Ramon Giostri Campos, Evandro Ottoni Teatini Salles
Programa de Pós-Graduação em Engenharia Elétrica
Universidade Federal do Espírito Santo
Vitória, ES, 29075-910, Brasil
Email:[email protected], [email protected]
Abstract
This paper uses robust statistics and curvelet transform to learn a general-purpose no-reference (NR) image quality assessment (IQA) model. The new approach, here called M1, competes with the Curvelet Quality Assessment proposed in 2014 (Curvelet2014). The central idea is to use descriptors based on robust statistics to extract features and predict the human opinion about degraded images. To show the consistency of the method the model is tested with 3 different datasets, LIVE IQA, TID2013 and CSIQ. To test evaluation, it is used the Wilcoxon test to verify the statistical significance of results and promote an accurate comparison between new model M1 and Curvelet2014. The results show a gain when robust statistics are used as descriptor.
Index Terms:
Image quality assessment (IQA), No reference (NR), Curvelet, Support Vector Machine (SVM), Natural scene images
I Introduction
This is a non-doubly blind version of the article accepted for publication in the XIV Workshop de Visão Computacional111http://www.wvc2018.com.br/proceedings. This version differs from that published only because it has links to download all parts of the software developed and has one additional figure. The software, trained models and some useful routines can be downloaded from the link https://github.com/rgiostri/robustcurvelet.
The Image Quality Assessment (IQA) is an important subject for computational vision, which impacts in robotics, super-resolution, reconstruction of images, evaluation of medical images, among other areas. The research in IQA aim in developing algorithms to make an objective quality score of images (Q) consistent with human opinion, regardless of the content of the image, the level and type of distortion.
This area has three main groups of methods, Full-Reference (FF),Reduced-Reference (RR) and No-Reference (NR). In applied sciences there is usually no reference image, therefore NR methods are appropriate. For research areas like astronomy, microscopy, remote sensing and medical images, the NR models are the unique way to evaluate quality of images without consulting an expert.
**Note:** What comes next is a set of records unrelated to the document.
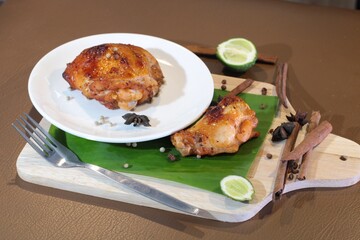 Thai style grilled chicken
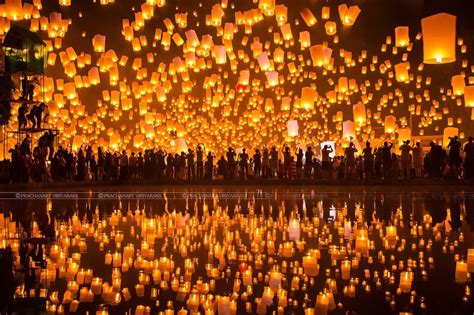 Floating Lanterns Festival in Chiang Mai, Thailand - Travel the World - viajar por el mundo gratis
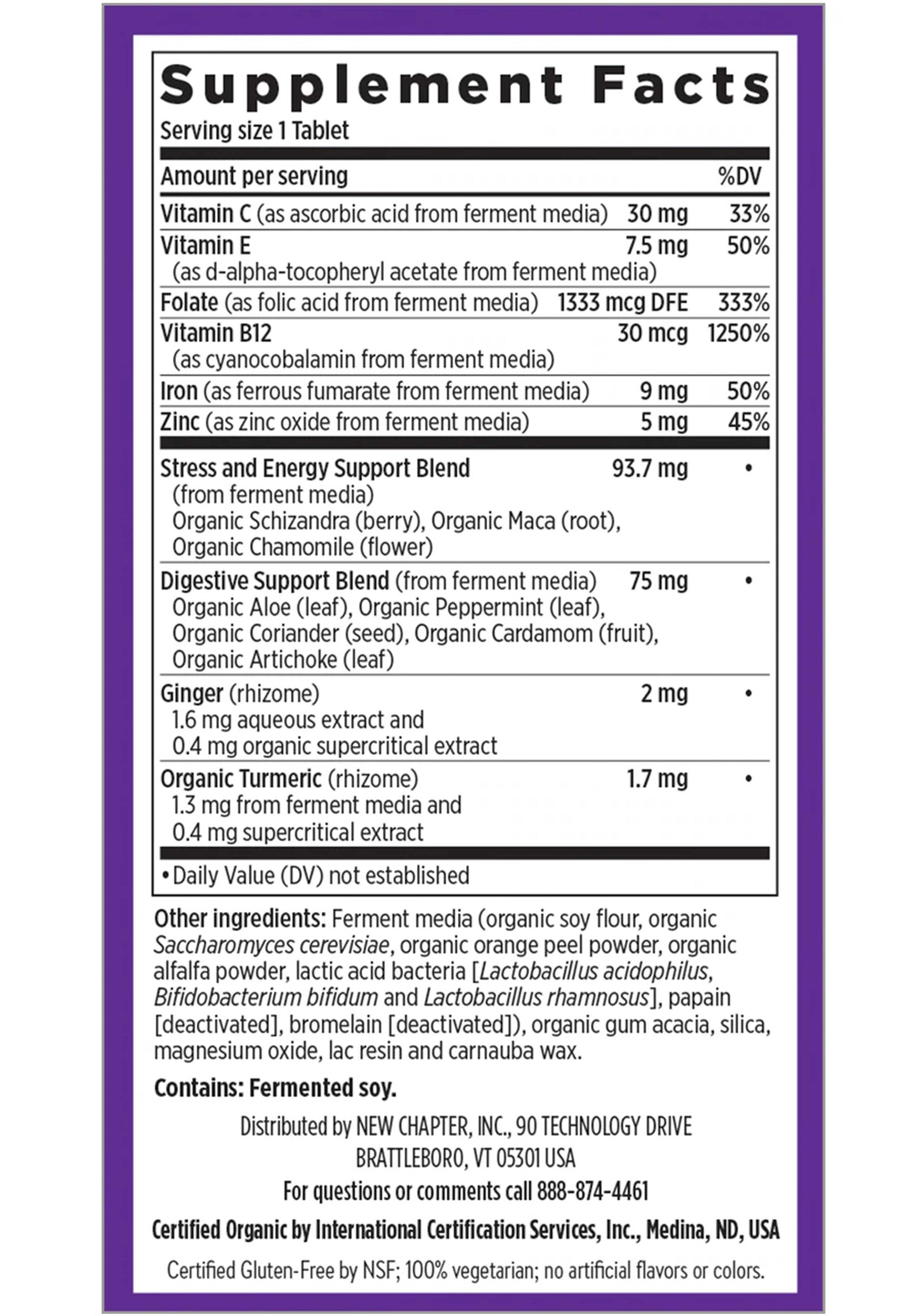 New Chapter Fermented Iron Complex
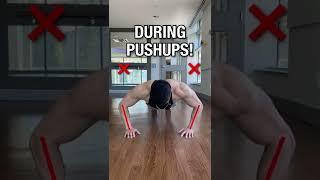 Push-Up Mistake SAVE YOUR SHOULDERS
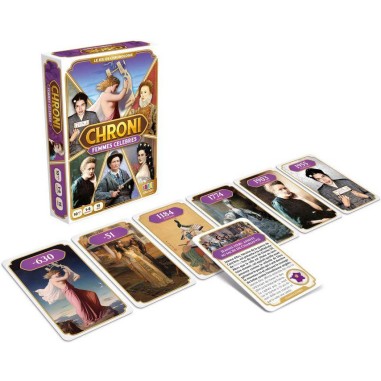 Chroni - Femme Célèbres - Jeux de société - On The Go Editions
This work proposes a NR method, oriented to natural scenes which the features are extracted by the transformed space of curvelets[1]. The traditional Wavelets transform do not have orientation, and orientation facilitates the study of anisotropy in degraded images[2]. The parametrization of Curvelets uses position, scale and orientation, which favors if compared to the traditional Wavelet for this study.
The architecture used in this paper was proposed by Moorthy and Bovik[3] that uses the several modules of Support Vector Machine (SVM) organized in two stages (2-stages SVM).
The complete explanation of 2-stages SVM is in subsection III-D and the flow chart can be viewed in Figure 1.
In the stage 1, the classifier C-support vector classification (C-SVC), provides the probabilities of an image to be of a specific class. In the second stage, each regressor nu-support vector regression (-SVR), provide her prediction. The fusion of predictions is performed by a weighted average. The weights are given by the probability of C-SVC stage.
This work searchs forms to improve the feature extraction in Curvelets space, using robust and non-parametric statistics, which is the main difference for the model proposed by Liu et al.[4], here called Curvelet2014. The two proposals are close by the use of 2-stages SVM, and features extracted in Curvelets space, but are distant by the way the features are extracted.
The propose defined in this paper, called model M1, uses orthodox tools of robust statistics based on quartiles, octiles[5][6] and the Median Absolute Deviation (MAD)[7]. The M1 uses features to describe images and at same time exempts the analysis of outliers and statistical models.
The competing proposes are trained with the LIVE IQA[8] database and tested with the TID2013[9], CSIQ[10] and the LIVE IQA. It is important to mention that because the selected datasets the conclusions are restricted to natural scene images. This type of image is defined as any image obtained on ordinary commercial cameras. The degradation classes used in this paper are compressions jpeg (jpeg) and jpeg2000 (jp2k), Gaussina white noise (wn), Gaussian blur (gblur). One experiment was done using the classes of degradation simultaneously and other experiment for type of degradation. In all the experiments we used the statistical significance test of Wilcoxon[11] to make strengthen conclusions.
All choices made in this article are shown to facilitate their use and reproducibility. An examples of the code can be downloaded in github page https://github.com/rgiostri/robustcurvelet.
The contributions of this article to the scientific community are: 1) Propose a new ways to extract features in the transformed space of Curvelets. These features are based on robust statistical descriptors. 2) Replace the model Curvelet2014, due to the better performance of the new method, which is less dependent on training data and has a better correlation with human perception. The final product is a competitive, open source and reproducible IQA method.
The organization of this work is as follows: In Section II shows a review of the work related to NR IQA, focusing mainly on the use of the Curvelet transform. In Section III shows the invocation. In Section IV presents the methodology. In Section V shows the experiments, results and discussions. Finally, in Section VI the conclusions of the study are shown.
II Related Works
This work uses the second generation Curvelets transform proposed by Candes et al.[1], called Fast Discret Curvelet Transform (FDCT). The implementation used was the Frequency Wrapping (FDCT-Wrap), avaliable for download on the website of CurveLab222http://www.curvelet.org/. The binding with python used was PyCurvelab, available here333https://github.com/slimgroup/PyCurvelab.
The first use of FDCT in NR IQA proposals was made by Shen et al.[12], using only the finest layer for feature extraction.
The architecture 2-stages SVM was introduced by Moorthy and Bovik[3] applied to features extracted from natural scenes. This architecture was used in by [13][14][15][16] with different features.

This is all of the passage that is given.